Government officials first need to stabilize GM, said Tim Ghriskey, chief investment officer with Solaris Asset Management in New York.

"That's going to take a while and it might not be successful either," he said. "We're certainly talking years here. It could be as many as, say, five years before the government's able to begin to unwind their stake."

IT WILL BE MESSY

Louis Lataif, a former Ford Motor Co (F.N) executive who is now dean of the school of management at Boston University, doubted government officials can resist the urge to meddle. The government also is likely to still be GM's major stakeholder in 2011 when the next round of contract talks with the United Auto Workers union -- which campaigned for Obama ahead of last year's election -- are due to take place.

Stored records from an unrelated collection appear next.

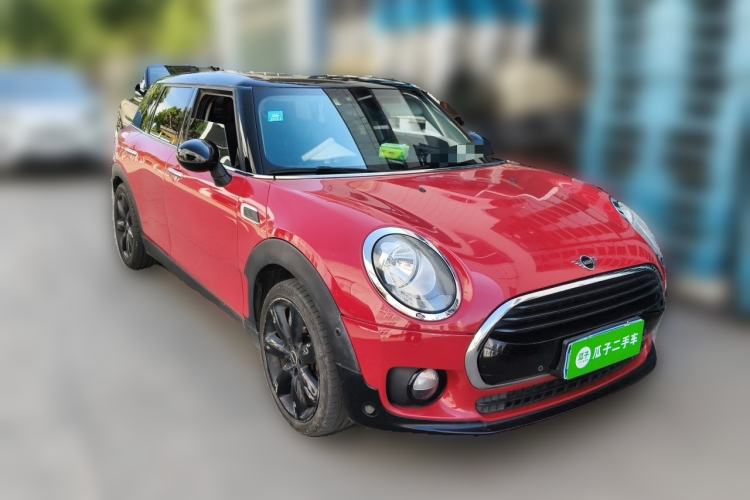 Used MINI Clubman 2018 1.5T COOPER Artist Front Right 45 Deg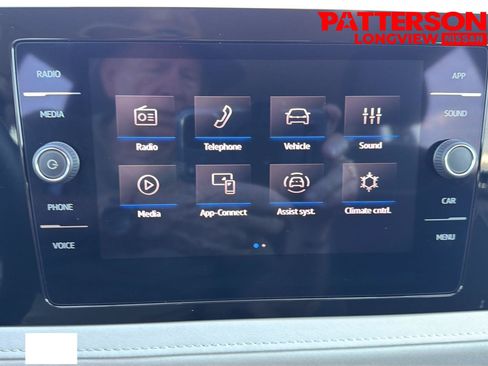 Used 2025 Volkswagen Taos SE AWD/4WD image 7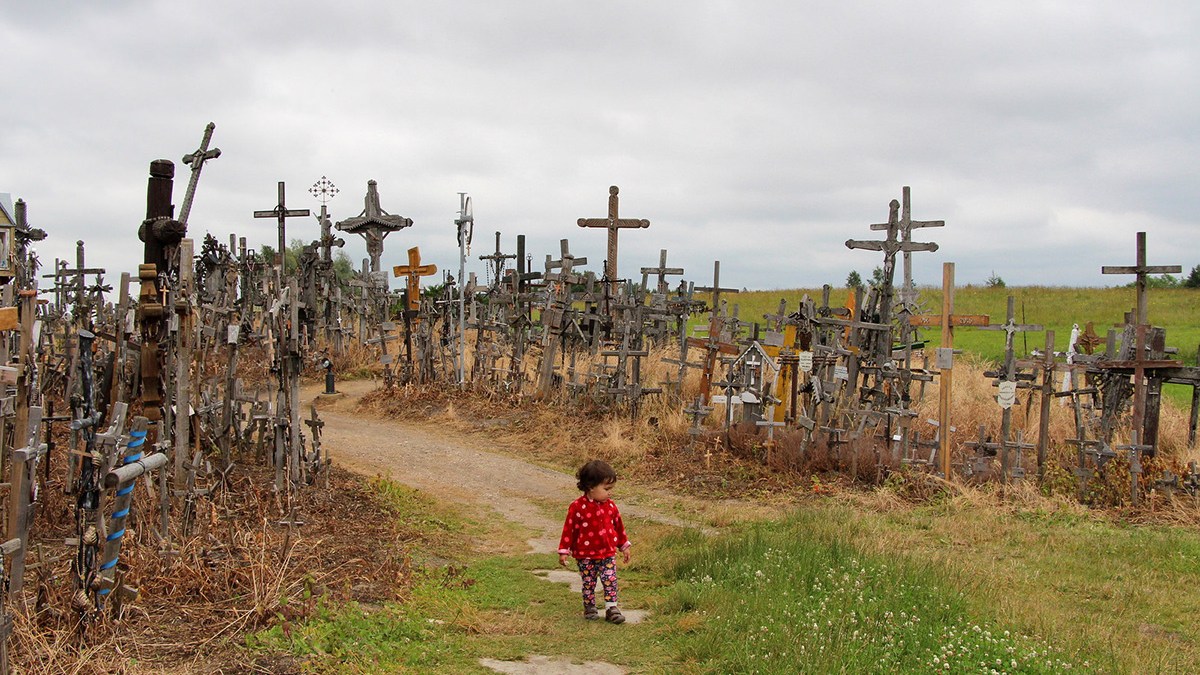 CROSS HILL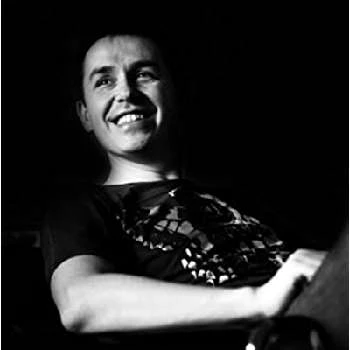 Michal Novinski - Family, Bio, Birthday, Family, Income & More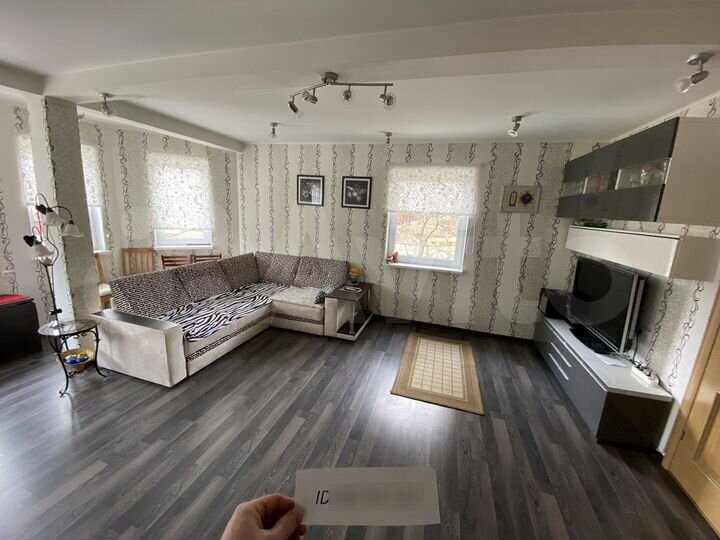 Коттедж 220 м² на участке 20 сот.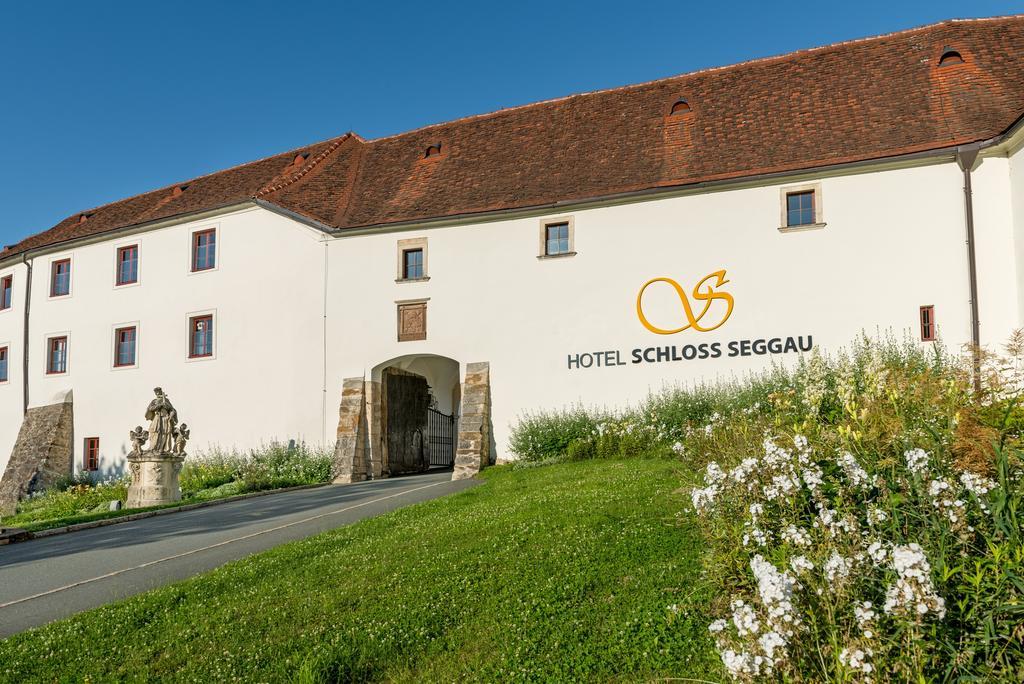 Hotel Schloss Seggau à Leibnitz Extérieur photo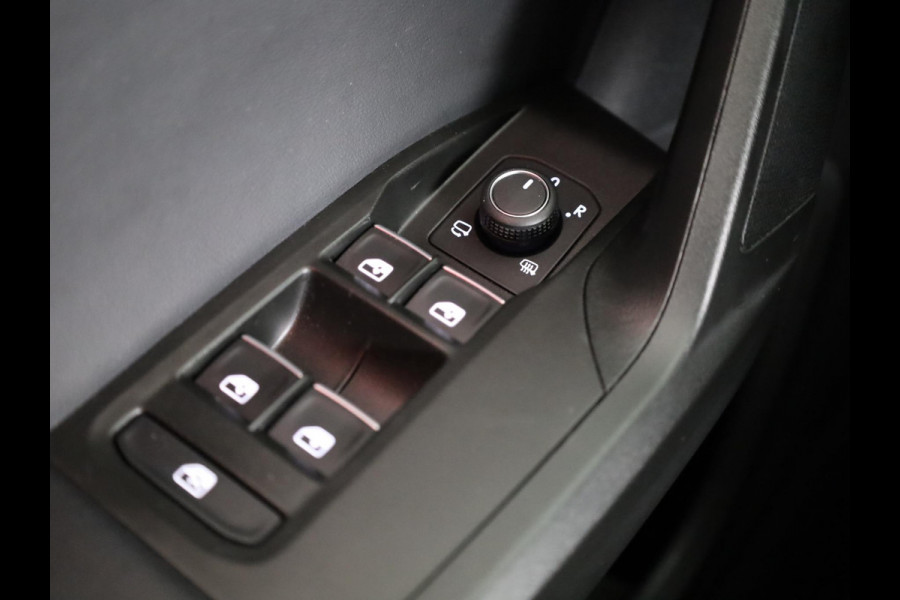 Seat Leon Sportstourer 1.0 TSI FR Business Intense 110pk | Verlengde garantie | Navigatie | Parkeersensoren achter | Automatische Airco | Electrische achterklep |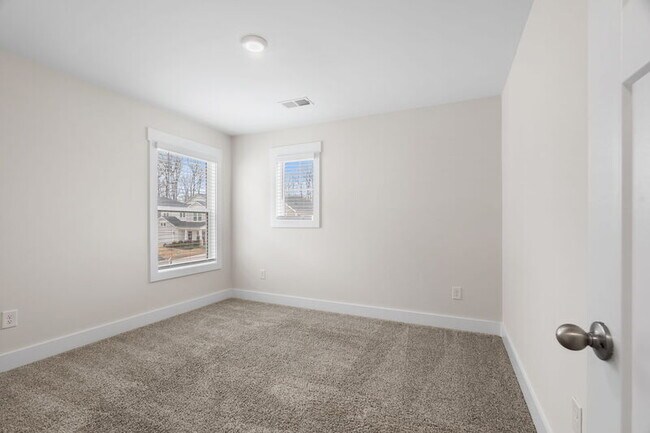 Building Photo - 216 Pewter Cir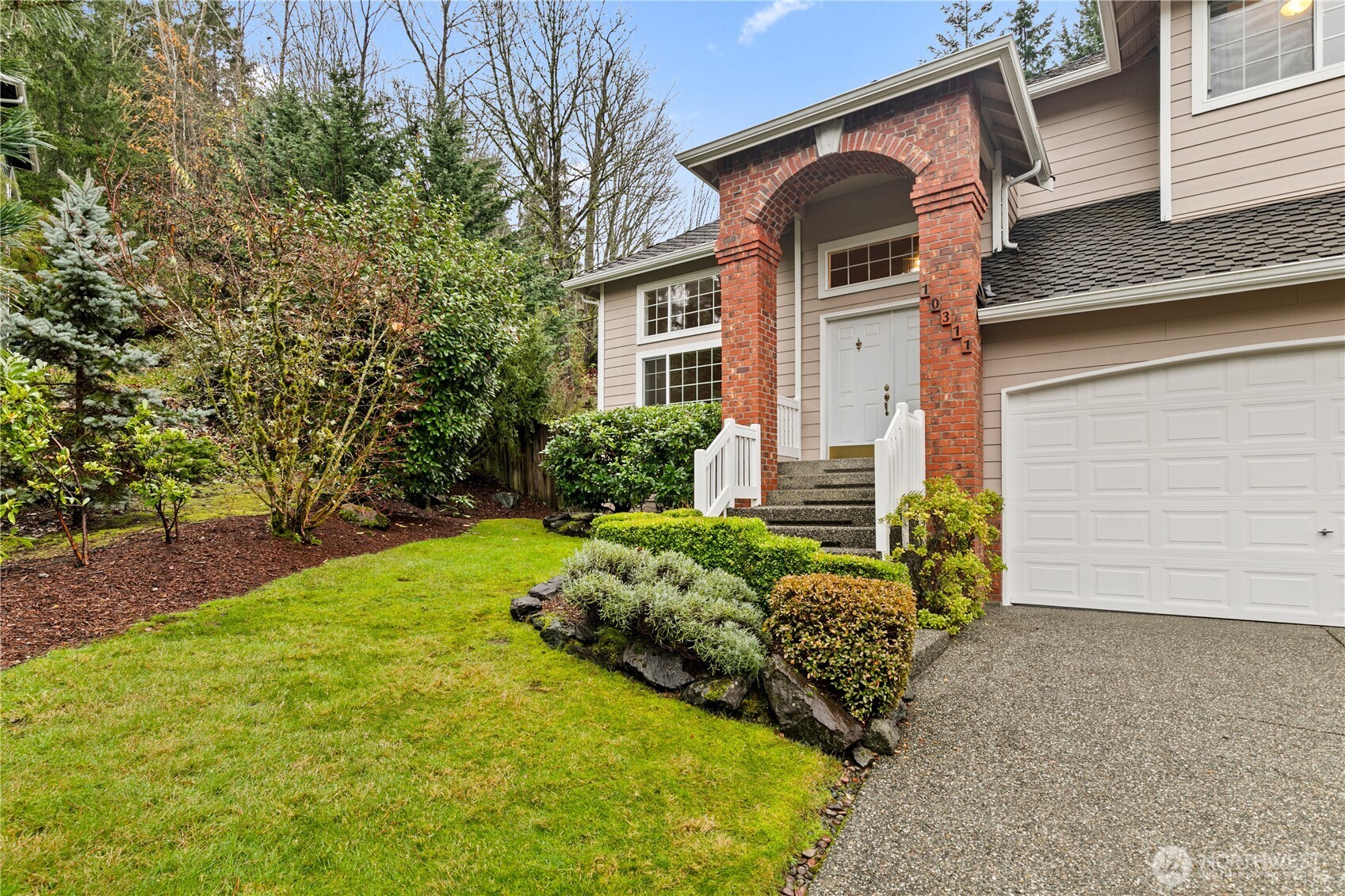 10311 Northeast 156th Place Bothell, WA 98011 - Photo 2 of 34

"It's inevitable it will be messy," Lataif said. "We just don't know exactly how.

"I think that's just hopelessly naive that Washington is going to run Detroit," he added. "There's no evidence that Washington can run a private business."

But others think U.S. officials will move as fast as they can to divest in a year or two once the auto market and economy improve, or risk sticking the taxpayer with large losses.

"In five years, if there's anything left in the U.S. government's hands, I would be shocked and they'll want to just write it off at that point," said Diane Swonk, chief economist with Mesirow Financial in Chicago. "That means GM has failed. That's all there is to it."

One of the aims of the government's action is to buy time for the company and its various constituents to accept the shrinking of the once-formidable automaker, said former U.S. labor secretary Robert Reich.

"It would be too much of a blow to the nation and the consumer psyche to have the icon General Motors basically disappear," said Reich, now a professor at the University of California, Berkeley.